Koordinator Kelompok Jabatan Fungsional (KJF) sekaligus Manajer Pendidikan, Pelatihan, dan Pengembangan Unit Pelaksana Teknis (UPT) Pengelola Kawasan Hutan UB Forest, Rifqi Rahmat Hidayatullah, menjelaskan, inovasi ini lahir dari berbagai tantangan dalam pengawasan UB Forest seluas 544,74 hektare di Kabupaten Malang, Jawa Timur.
"Salah satunya yakni keterbatasan perangkat kamera jebak konvensional yang masih menggunakan baterai dan memori manual, serta sulitnya akses jaringan di kawasan hutan," katanya di sela Bincang dan Obrolan Santai (Bonsai) Bersama Pakar UB di Gedung Widyaloka kampus UB di Malang, Jawa Timur, Rabu.
Baca juga: Kementerian LH gandeng UB maksimalkan rehabilitasi lahan mangrove
Gelaran Bonsai Bersama Pakar UB dengan tema “Inovasi Teknologi IoT untuk Pengelolaan Hutan” itu sekaligus memperkenalkan teknologi yang melibatkan aplikasi berbasis IoT, yang mampu mendeteksi aktivitas, seperti keberadaan satwa liar, manusia atau kendaraan menggunakan kamera jebak (camera trap), dan algoritma AI.
Ia mengatakan sistem baru ini menggunakan protokol komunikasi Long Range (LoRa), yang memungkinkan pengiriman data dalam kondisi tanpa sinyal GSM. Dengan teknologi LoRa, data yang dikumpulkan bisa dikirim ke pusat kontrol melalui jaringan jarak jauh, meskipun berada di tengah hutan yang sulit sinyal.
Rifqi mengemukakan bahwa teknologi ini memiliki tiga keunggulan utama. Pertama, efisiensi dan akurasi monitoring yang mampu mendeteksi ancaman, seperti penebangan pohon ilegal.
Kedua, integrasi AI dan IoT menggunakan teknologi You Only Look Once (YOLO) untuk mendeteksi objek dengan cepat dan ketiga, dukungan terhadap pengelolaan berkelanjutan yang sesuai dengan Rencana Pengelolaan Jangka Panjang (RPJP) UB Forest.
Hanya saja, kata Rifqi, alat ini masih dalam tahap prototipe dan tim UB terus melakukan riset dan pengembangan untuk menyempurnakan sistem tersebut. Rencana implementasi alat ini dijadwalkan mulai tahun 2025, dengan evaluasi keberlanjutan pada 2026.
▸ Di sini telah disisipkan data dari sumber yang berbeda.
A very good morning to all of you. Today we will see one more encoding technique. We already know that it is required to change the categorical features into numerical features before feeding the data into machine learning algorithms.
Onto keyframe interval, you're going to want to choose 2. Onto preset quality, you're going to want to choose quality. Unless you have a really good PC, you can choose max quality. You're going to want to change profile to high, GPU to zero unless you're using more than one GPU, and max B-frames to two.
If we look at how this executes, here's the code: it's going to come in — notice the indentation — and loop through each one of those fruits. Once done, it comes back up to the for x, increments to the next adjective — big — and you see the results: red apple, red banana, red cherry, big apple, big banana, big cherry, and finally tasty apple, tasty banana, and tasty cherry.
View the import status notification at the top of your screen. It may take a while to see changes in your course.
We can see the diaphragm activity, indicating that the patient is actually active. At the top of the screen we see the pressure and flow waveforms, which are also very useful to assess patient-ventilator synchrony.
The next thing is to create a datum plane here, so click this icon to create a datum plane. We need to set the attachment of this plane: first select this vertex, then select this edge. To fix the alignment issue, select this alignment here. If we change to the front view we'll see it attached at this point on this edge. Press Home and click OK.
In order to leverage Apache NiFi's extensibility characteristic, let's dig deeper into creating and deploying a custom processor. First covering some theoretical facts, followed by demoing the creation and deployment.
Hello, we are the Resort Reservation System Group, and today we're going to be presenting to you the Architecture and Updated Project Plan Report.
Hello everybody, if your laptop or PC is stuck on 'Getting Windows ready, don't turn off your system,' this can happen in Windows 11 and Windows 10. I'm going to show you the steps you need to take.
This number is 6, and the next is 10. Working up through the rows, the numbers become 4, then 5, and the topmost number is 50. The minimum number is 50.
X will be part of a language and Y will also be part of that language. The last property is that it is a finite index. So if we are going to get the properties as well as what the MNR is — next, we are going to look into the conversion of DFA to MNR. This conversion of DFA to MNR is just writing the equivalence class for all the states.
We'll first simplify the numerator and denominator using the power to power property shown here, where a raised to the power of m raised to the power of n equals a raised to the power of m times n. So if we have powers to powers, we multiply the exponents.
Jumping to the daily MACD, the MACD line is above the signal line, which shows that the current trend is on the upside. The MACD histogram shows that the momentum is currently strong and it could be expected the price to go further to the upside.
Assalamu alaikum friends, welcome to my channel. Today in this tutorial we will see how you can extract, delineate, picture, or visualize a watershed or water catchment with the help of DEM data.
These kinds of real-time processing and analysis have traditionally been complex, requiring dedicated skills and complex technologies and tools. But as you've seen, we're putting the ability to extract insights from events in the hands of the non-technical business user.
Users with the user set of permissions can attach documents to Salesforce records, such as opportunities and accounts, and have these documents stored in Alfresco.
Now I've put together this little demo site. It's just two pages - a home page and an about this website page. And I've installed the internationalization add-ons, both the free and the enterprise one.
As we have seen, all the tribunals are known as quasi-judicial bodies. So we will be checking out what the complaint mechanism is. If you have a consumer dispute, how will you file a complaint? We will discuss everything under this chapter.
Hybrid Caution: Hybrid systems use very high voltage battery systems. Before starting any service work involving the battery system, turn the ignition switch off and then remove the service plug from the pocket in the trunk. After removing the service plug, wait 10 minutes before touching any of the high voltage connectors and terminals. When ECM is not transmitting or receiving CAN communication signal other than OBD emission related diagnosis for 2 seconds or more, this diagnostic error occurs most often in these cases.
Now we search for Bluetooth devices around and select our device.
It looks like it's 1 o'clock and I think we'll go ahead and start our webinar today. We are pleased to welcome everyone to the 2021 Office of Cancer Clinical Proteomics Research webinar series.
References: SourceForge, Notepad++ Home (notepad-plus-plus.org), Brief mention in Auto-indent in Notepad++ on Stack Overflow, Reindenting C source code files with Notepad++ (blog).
Ke depan, lanjutnya, UB berencana menambahkan fitur drone untuk meningkatkan cakupan pengawasan, terutama di area dengan kontur hutan yang sulit. Selain itu, setiap 200 meter di kawasan hutan akan dipasangi perangkat jaringan pengawasan yang lebih rapat.
Sementara itu, Kepala Laboratorium IoT dan Human-Centered Design (IoT & HCD) Fakultas Vokasi UB, Rachmad Andri Atmoko, menambahkan, sistem berbasis LoRa ini dirancang agar aplikasi tetap berfungsi dalam kondisi lingkungan hutan yang kompleks.
“LoRa bekerja seperti radio komunikasi dengan frekuensi rendah, cocok untuk kawasan dengan vegetasi tebal dan kelembapan tinggi,” katanya.
Perangkat ini, katanya, dilengkapi fog computing, teknologi yang memungkinkan pemrosesan data langsung di perangkat sebelum dikirim ke pusat data berbasis cloud.
Dengan baterai 12 volt yang dapat bertahan hingga 15 hari, perangkat ini diperkuat dengan panel surya untuk memastikan daya. “Keunggulan lainnya adalah fitur antipencurian dengan sensor getaran. Alat ini mampu mendeteksi aktivitas mencurigakan di jalur-jalur luar hutan,” ucapnya.
Kepala UPT Pengelola Kawasan Hutan (UB Forest), Mochammad Roviq mengatakan UB Forest berperan sebagai Kawasan Hutan Dengan Tujuan Khusus (KHDTK) untuk pendidikan dan pelatihan, sekaligus pusat penelitian dan pengembangan.
“KHDTK ini juga menjadi laboratorium hidup untuk mendukung konservasi satwa liar dan keberlanjutan lingkungan. Kami berencana melakukan pelacakan jejak macan kumbang sebagai bagian dari upaya pelestarian fauna,” katanya.